About this exercise: Please set down each of the lines below once more, exactly, omitting all pictures.

== == ==

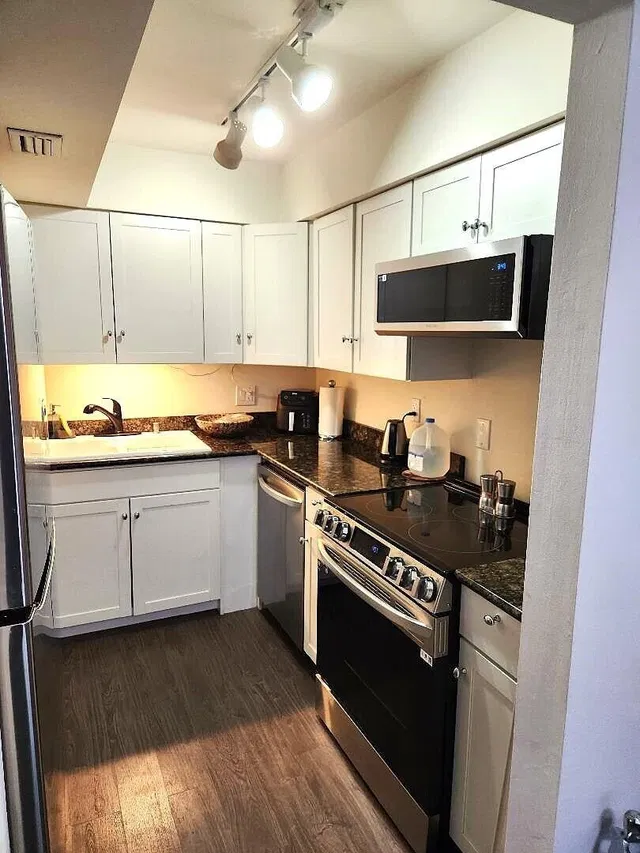  Unit C8 photo 11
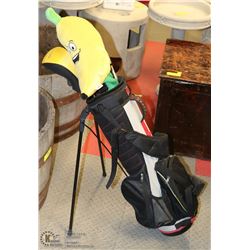 SET OF BOYS YOUTH "NIKE" GOLF CLUBS WITH GOLF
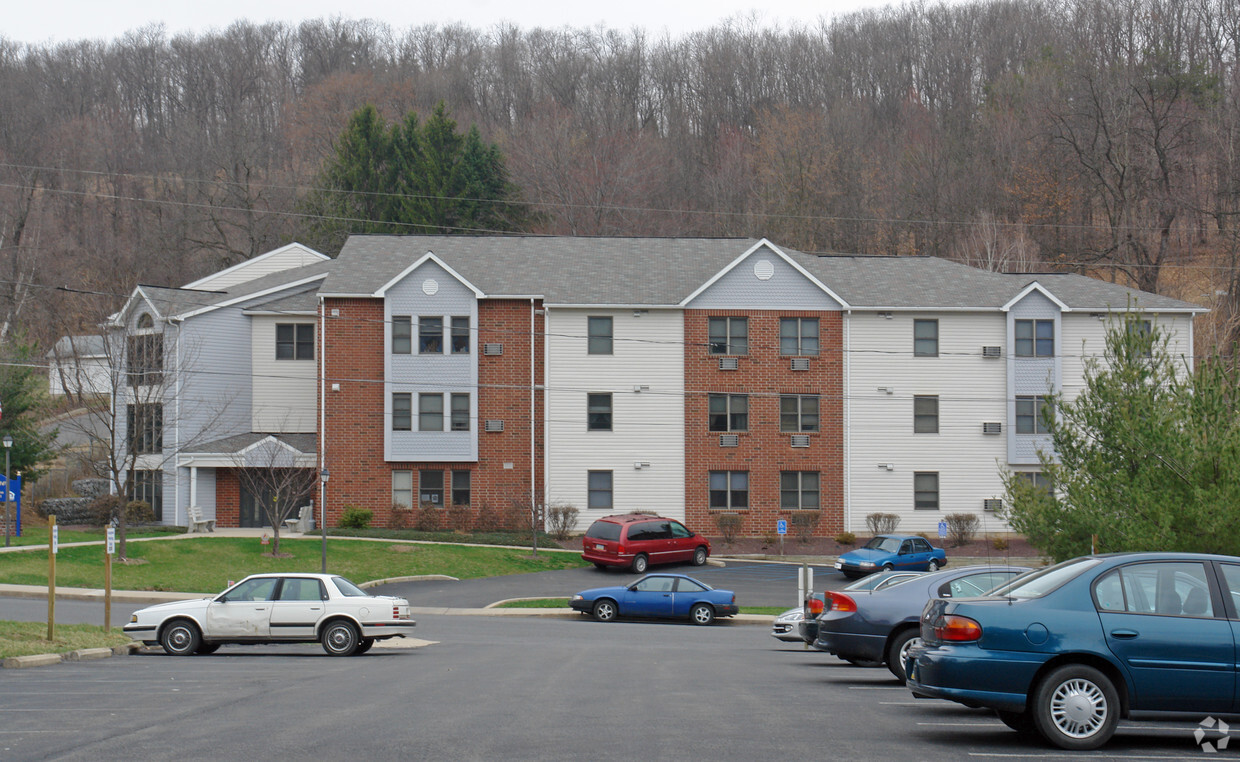 Rock Ledge Commons - Apartments in Lock Haven, PA | Apartments.com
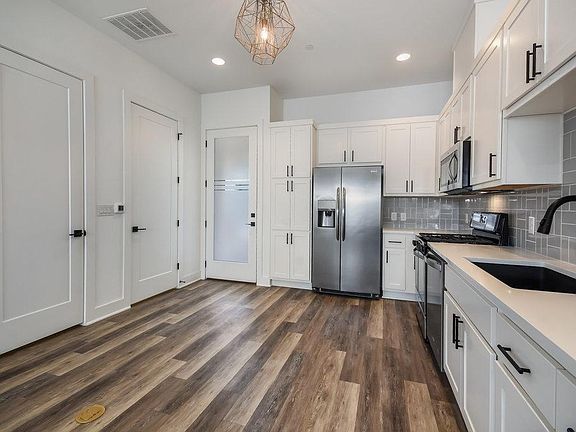 5th image of 607 W Saint Johns Ave #2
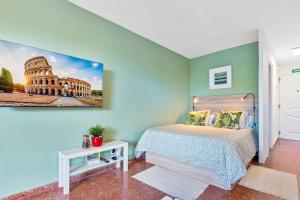 Calahonda Beach Brand new studio oceanfront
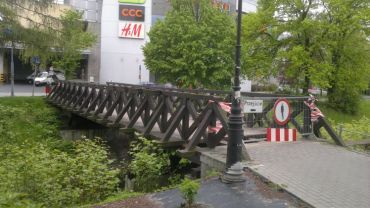 Drewniany mostek w Rybniku zamknięty. Dlaczego?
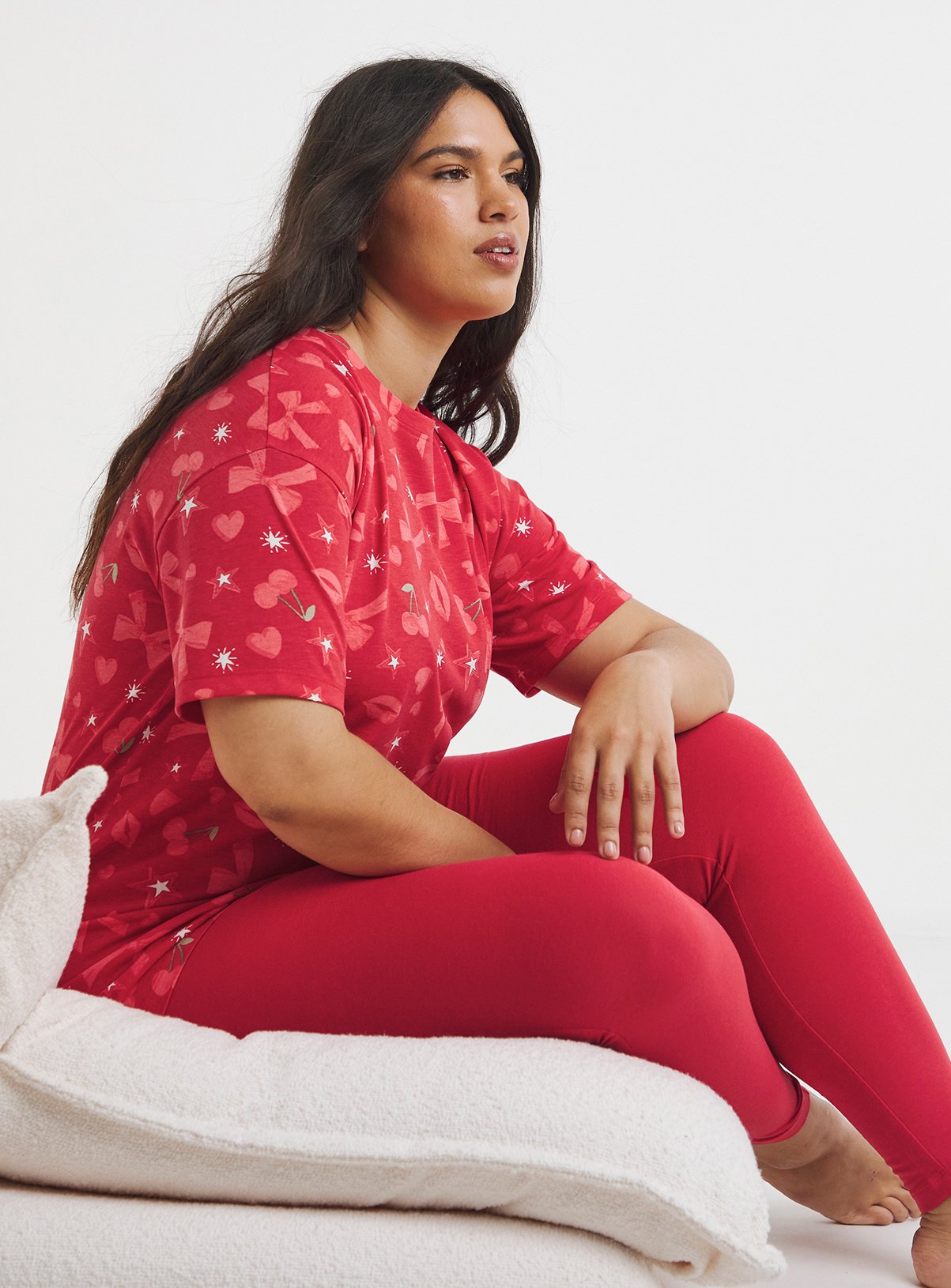SIMPLY BE Value 2 Pack  Pyjama Sets Heart & Bow Print 32-34 - Image 4 thumbnail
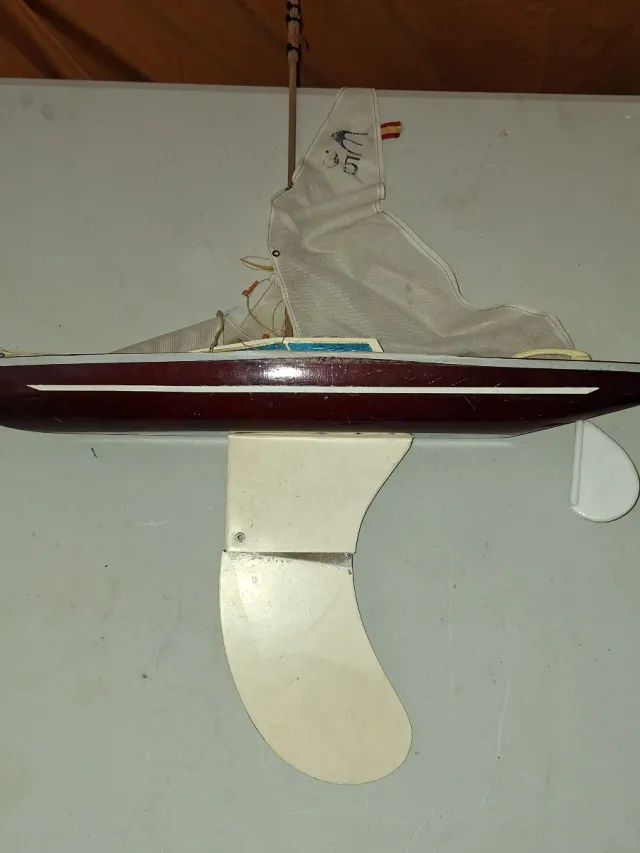 Velero madera años 70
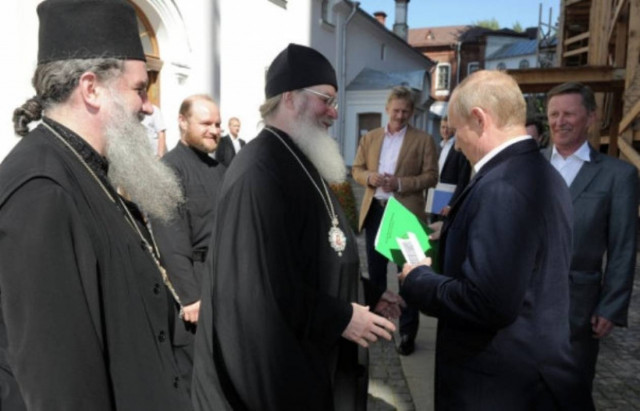 Βίντεο: Ο καλόγερος που έφερε σε αμηχανία τον Πούτιν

== == ==

Reply:
  Unit C8 photo 11
 SET OF BOYS YOUTH "NIKE" GOLF CLUBS WITH GOLF
 Rock Ledge Commons - Apartments in Lock Haven, PA | Apartments.com
 5th image of 607 W Saint Johns Ave #2
 Calahonda Beach Brand new studio oceanfront
 Drewniany mostek w Rybniku zamknięty. Dlaczego?
SIMPLY BE Value 2 Pack  Pyjama Sets Heart & Bow Print 32-34 - Image 4 thumbnail
 Velero madera años 70
 Βίντεο: Ο καλόγερος που έφερε σε αμηχανία τον Πούτιν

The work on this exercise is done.